Suggestion of a concerto for college auditions?

May 16, 2007 at 02:34 PM · I am a high school junior and I am trying to plan my audition program for next year. I will be applying to schools such as CIM, NEC, Indiana, and Juilliard. I am having trouble deciding on a concerto. My original plan was to do Prokofiev No. 2, but my teacher is suggesting that I play something more lyrical. Does anyone have any suggestions besides the standard romantic concertos (Mendelssohn, Sibelius, Tchaikovsky, etc.)? Thanks!

Replies (38)

May 16, 2007 at 02:55 PM · I did Dvorak, and it worked well. It's a pretty good audition piece IMHO--it's part of the standard repertoire, but not one of those massively overplayed pieces like Tchaikovsky, Mendelssohn, Sibelius and whatever else probably has the audition committee cringing and thinking "Oh no, not THIS again." :) Also, it shows both lyrical and pyrotechnic capabilities, and there's a little more room for individual interpretation than in some of the big warhorses (again just IMHO).

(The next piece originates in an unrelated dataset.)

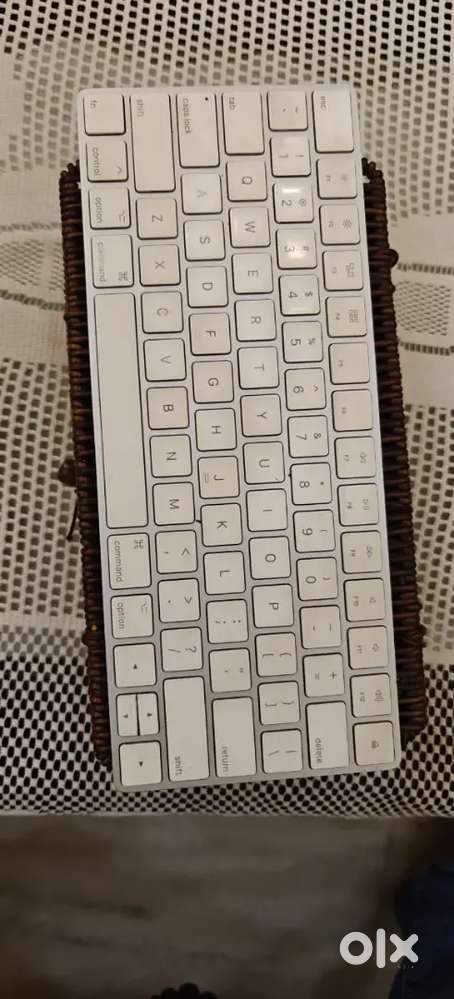 Apple magic keyboard lightening port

May 16, 2007 at 02:59 PM · I like Mozart no. 4. This is required audition material (Mozart concerto in general - not 4 specifically) for many symphonies. Just get a couple concerti with contrasting movements and you'll be fine!

May 16, 2007 at 03:29 PM · not that it's necessarily any more lyrical, but how about khachaturian? it got me into grad school. or maybe barber? those two might not be played as often as most romantic pieces. also, dvorak might be good, too.

May 16, 2007 at 03:46 PM · It partly depends on the rest of your program. If you have a year to work on it (because you are planning well!), try to pick something that suits your strengths but will also challenge you, so you grow with it and don't get bored.

May 16, 2007 at 09:55 PM · Two of my favorite non-standard concertos (both of which I studied at IU in my two years) are the Conus and the Elgar. I volunteer for our auditions and I've rarely heard of anyone performing either. You would definitely be unique to the faculty you play for!

May 16, 2007 at 10:13 PM · Something like Shostakovich can show your versatility if you pair it with Bach. All 4 movements of the Shostakovich have things faculties would look for. First movement for interpretation, second for pyrotechnics, third for lyricism and depth, and 4th for pure excitement. Mozart 4th is also great. If you really like Prokofiev, the first concerto is slightly more lyrical than the second so your teacher might be satisfied by that. Good luck!

May 16, 2007 at 10:47 PM · I like the idea of Dvorak. I might consider that concerto for auditions next year... it's standard enough not to piss off old people but it's underplayed enough for them to remember it if you pull it off.

May 16, 2007 at 11:19 PM · vieuxtemps 4 or 5 are usually good choices

May 17, 2007 at 03:07 AM · Lalo Symphonie Espagnole. It's standard but not annoyingly so.

The Glazunov is similarly known but not overdone, as is the Bruch Scottish Fantasy.

I like the idea of playing the Walton. It's not a standard concerto but it is very beautiful. For the life of me i can't understand why this concerto is not more well-known...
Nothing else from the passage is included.